Состояние больных при поступлении было: у 10 - удовлетворительным, у 39 - средней степени тяжести, у 50 - тяжелым, у 25 - крайне тяжелым и у 1 - терминальным. В ясном сознании оперировано 10 больных, в умеренном оглушении - 41, в глубоком оглушении - 42, в сопоре - 20, в коме - 12. Легкое дислокационное поражение верхнестволовых отделов было у 44 пациентов, умеренное - у 38, грубое - у 27, мезенцефально-понтинное - у 8 и понтинно-бульбарное - у 2. Внутрижелудочковое кровоизлияние выявлено у 45 (36.0%) пациентов: 1-й степени - у 10, 2-й степени - у 5, 3-й степени - у 8, полное заполнение желудочков мозга - у 22. Окклюзионная гидроцефалия развилась у 36 (28.8%) больных: 1-й степени - у 23, 2-й степени - у 11, 3-й степени - у 2. Смещение срединных структур головного мозга при супратенториальных кровоизлияниях обнаружено у 117 (93.6%) пациентов: до 3 мм - у 22, на 4-7 мм - у 54, более 8 мм - у 41.

Результаты хирургического лечения: послеоперационная летальность при гипертензивных гематомах составила 18.5%.

Анализ факторов, влияющих на исходы хирургического лечения. Дислокационный синдром (p<0.005). При грубом поражении верхнестволовых отделов мозга полного восстановления неврологических нарушений не происходило. При понтинно-мезенцефальном дислокационном синдроме больные были выписаны в вегетативном состоянии или наступил летальный исход. Степень внутрижелудочкового кровоизлияния (p<0.005). При заполнении свертками крови всех желудочков 48% больных погибли.
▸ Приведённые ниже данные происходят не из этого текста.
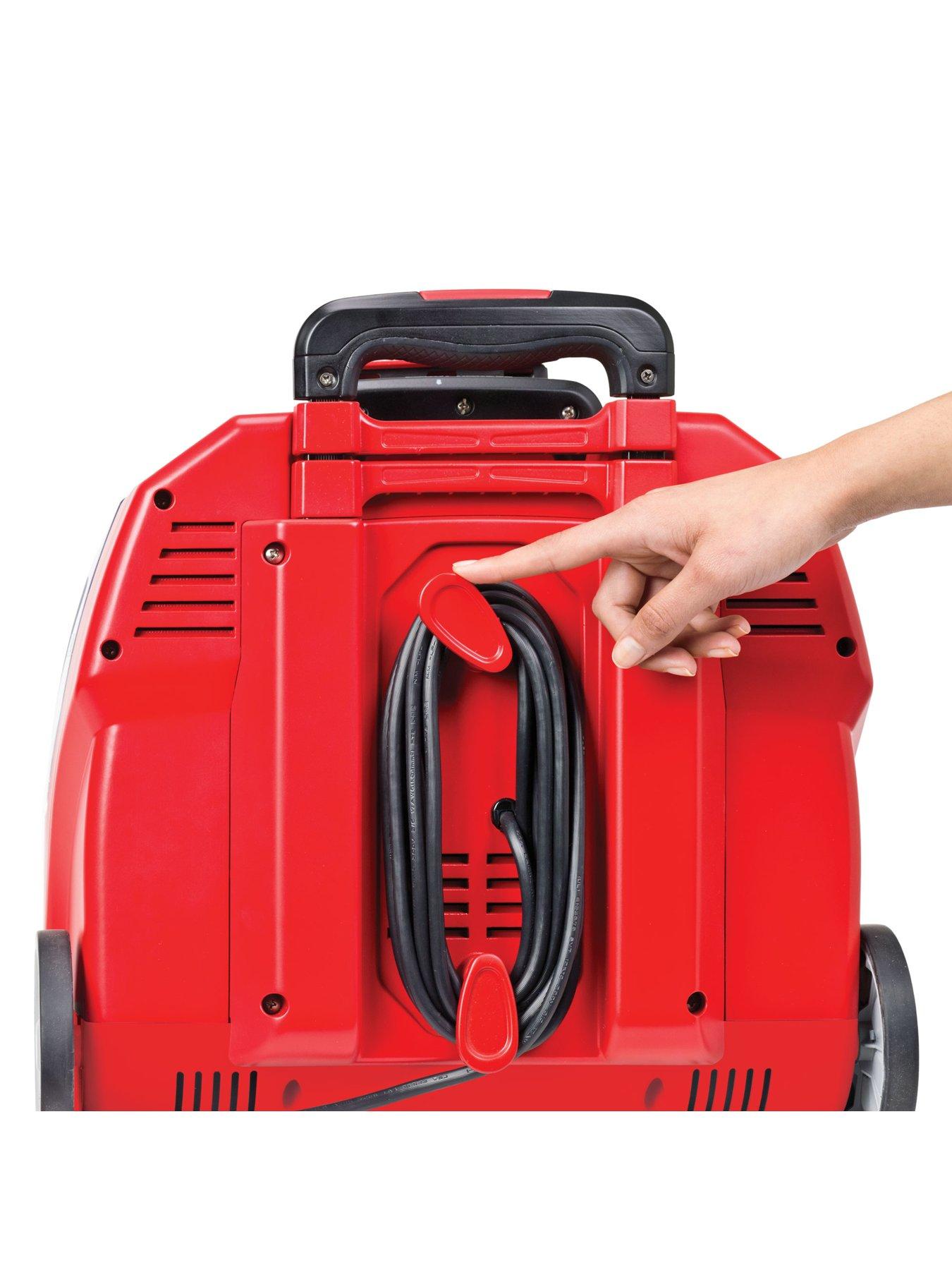 Image 5 of 6 of Rug Doctor RugDoctor Spot Cleaner Pets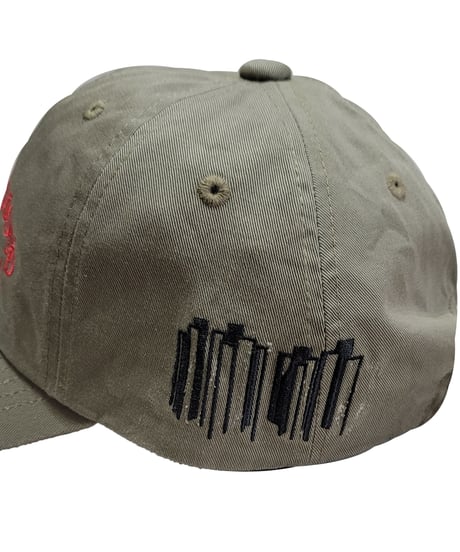 LEGEND CAP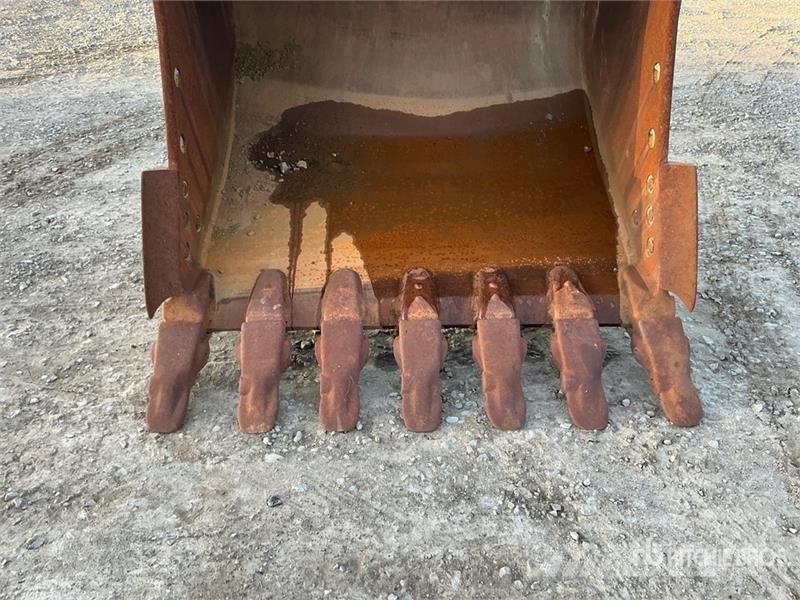 CAT 336E L Tracked Excavator Lánctalpas kotrók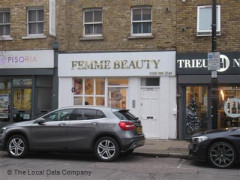 Femme Beauty image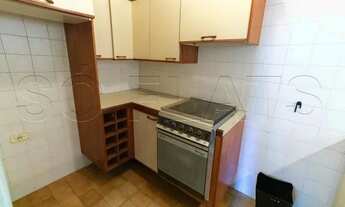 Imagem 5: Flat Park Avenue disponível para venda com 60m², 02 dormitórios e 01 vaga de garagem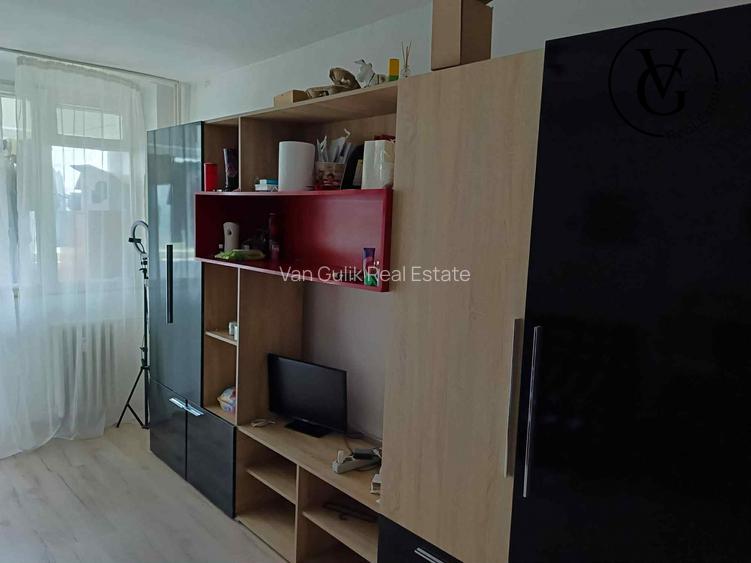 Garsoniera - Piata Minis - Metrou 10 min - 3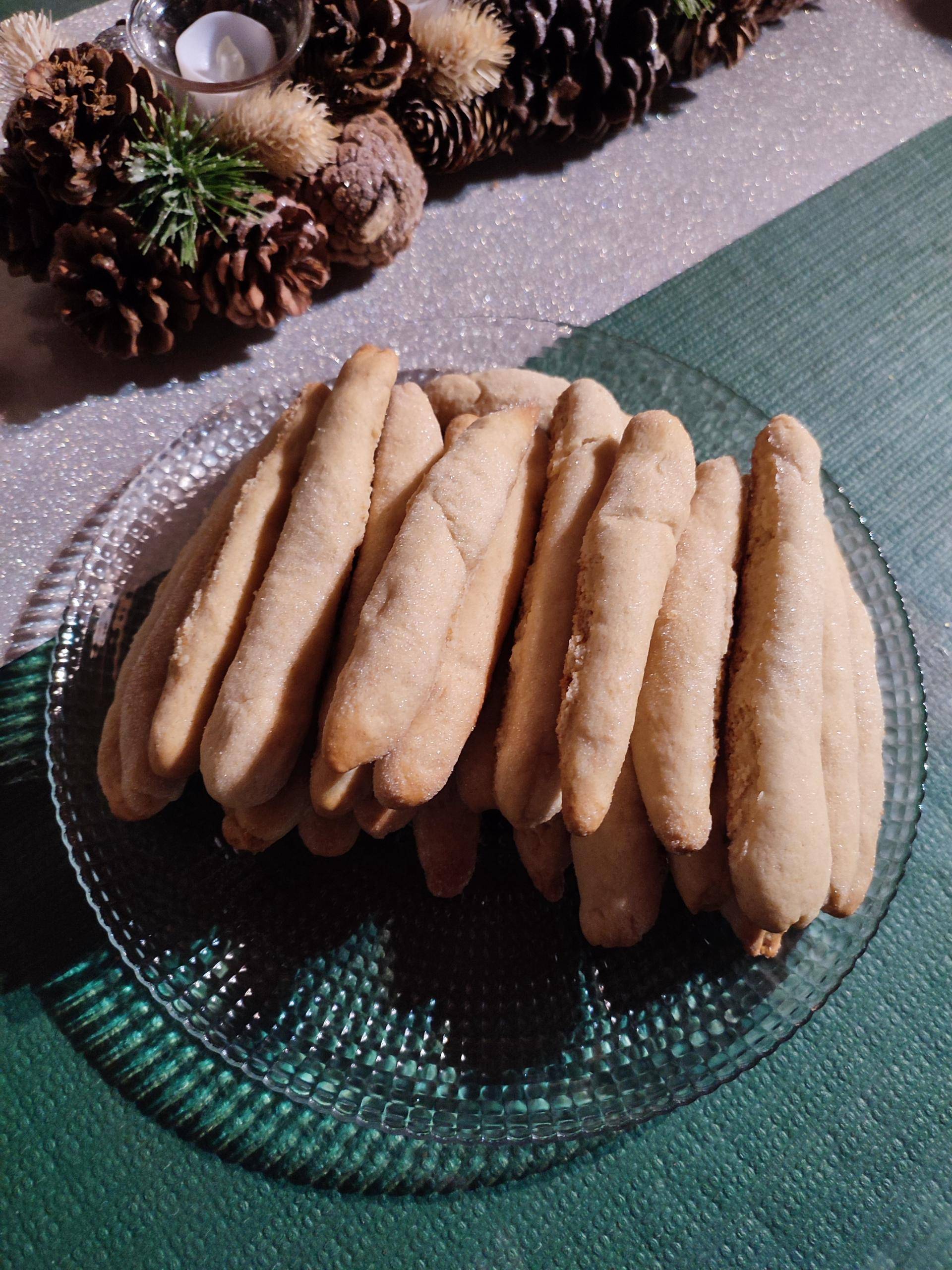 Zézette de Sète - Recette Cake Factory Délices | Tefal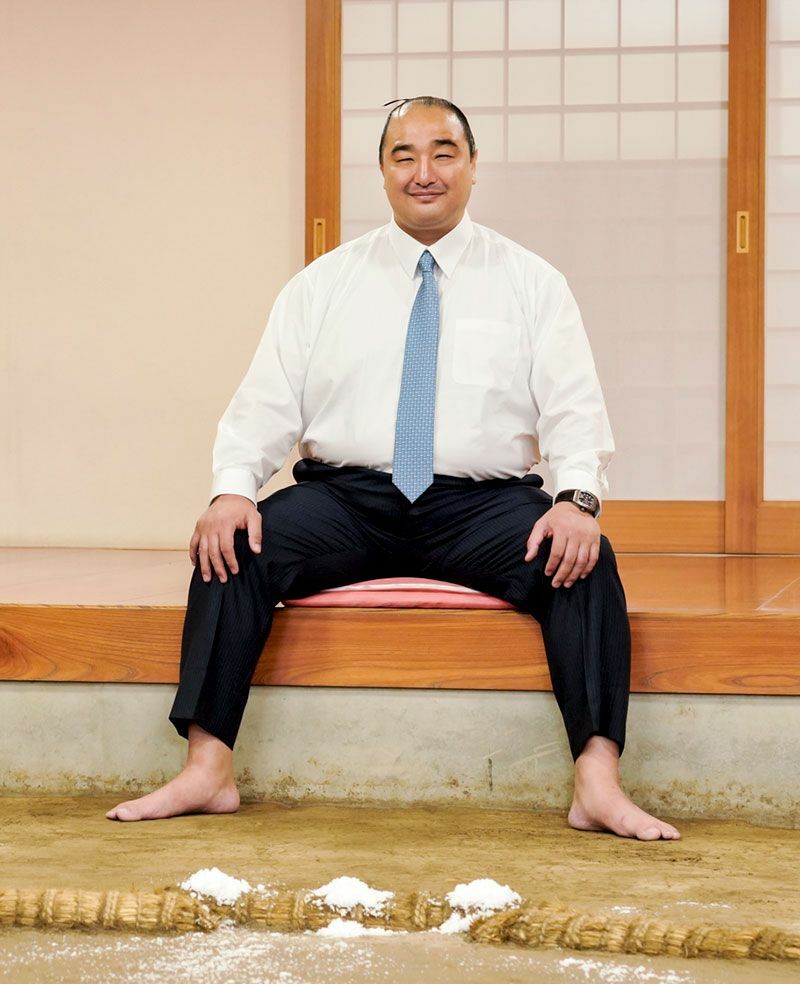 元関脇・安美錦の現在と安治川部屋の全貌｜不屈の知将が挑む弟子育成と絆
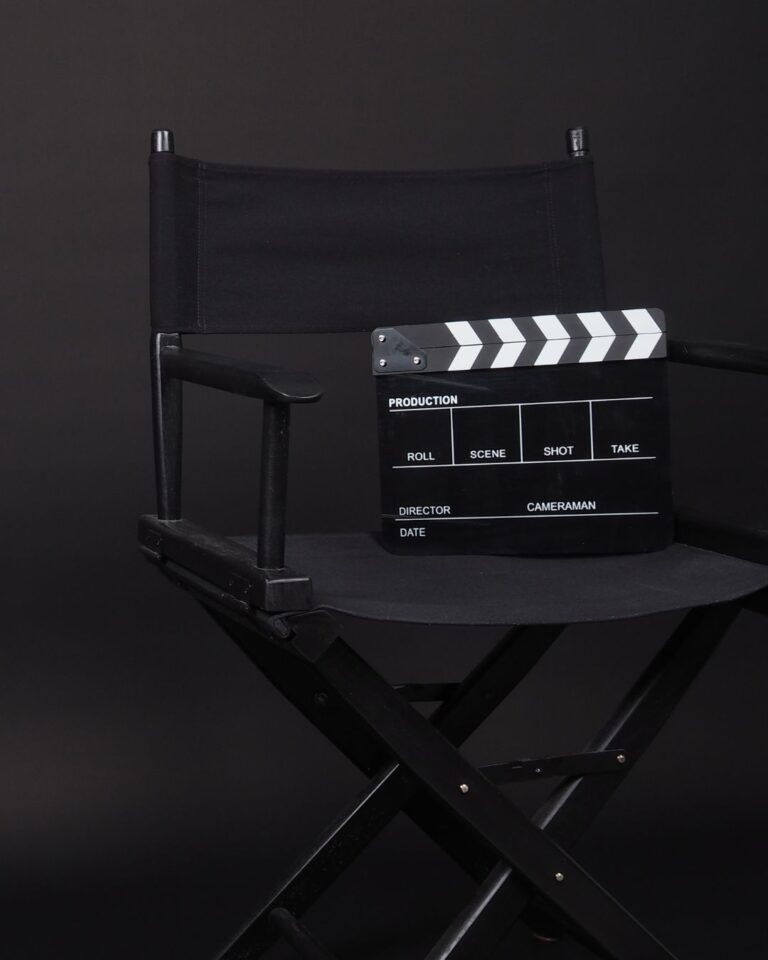 Best Movie Director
Сроки хирургического лечения (p<0.001). Оперативное вмешательство в первые 24 часа после заболевания, снижало летальность и увеличивало количество пациентов с хорошими функциональными исходами. Объем гематомы (p<0.001). Результаты хирургического лечения были лучше при объеме кровоизлияния равном до 70 см3. Тяжесть состояния больных (p<0.001). При крайне тяжелом и терминальном состояниях все пациенты погибли. Уровень сознания (p<0.001). 98% оперированных больных в коматозном состоянии умерли. У 1 пациента был глубокий неврологический дефицит. Смещение срединных структур головного мозга (p<0.001). При смещении срединных структур на 5 мм и более имеющийся при поступлении грубый неврологический дефицит, как правило, не регрессировал. Локализация супратенториального гипертензивного кровоизлияния (p<0.05). Исход заболевания был лучше при лобарных, латеральных гематомах, хуже - при смешанных и медиальных кровоизлияниях. Острая окклюзионная гидроцефалия (p<0.05). При увеличении степени окклюзионной гидроцефалии прогноз заболевания ухудшался. Деформация базальных (p<0.01) и охватывающей цистерн (p<0.05). При сдавлении базальных и охватывающей цистерн у 50% выживших больных сохранялся глубокий неврологический дефицит.

Заключение: анализ факторов при хирургическом лечении больных с ГВМК показал, что наиболее значимыми являются: степень дислокационного поражения ствола мозга, внутрижелудочковое кровоизлияние, объем внутримозговой гематомы, сроки с момента заболевания. Ранние оперативные вмешательства, желательно в первые 24 часа после заболевания, предотвращают развитие грубых изменений в структурах мозга и улучшают исходы заболевания.